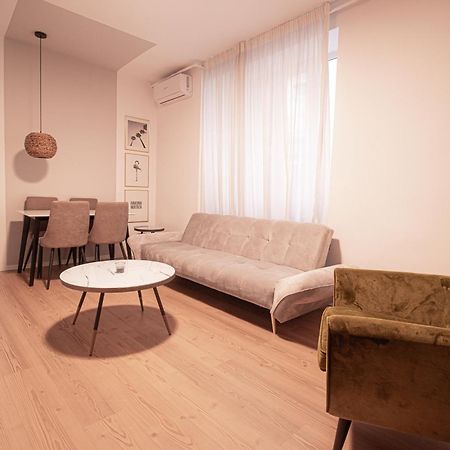 Old Town Bucharest Apartment Poiana 7 Zewnętrze zdjęcie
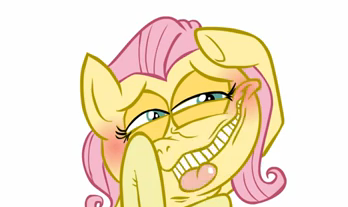 CXV11ssWQAI1qW7.png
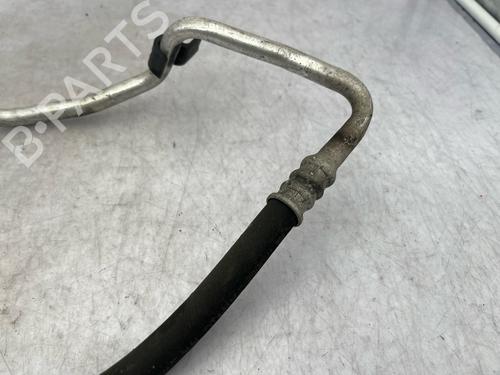Used AC pipe AC pipe CITROËN C3 I (FC_, FN_) [2002-2013] 36372529 36372529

......

DESCRIPTION OF THE TASK: What you produce should repeat the data word for word while omitting all images.

RESULT:
 Old Town Bucharest Apartment Poiana 7 Zewnętrze zdjęcie
 CXV11ssWQAI1qW7.png
Used AC pipe AC pipe CITROËN C3 I (FC_, FN_) [2002-2013] 36372529 36372529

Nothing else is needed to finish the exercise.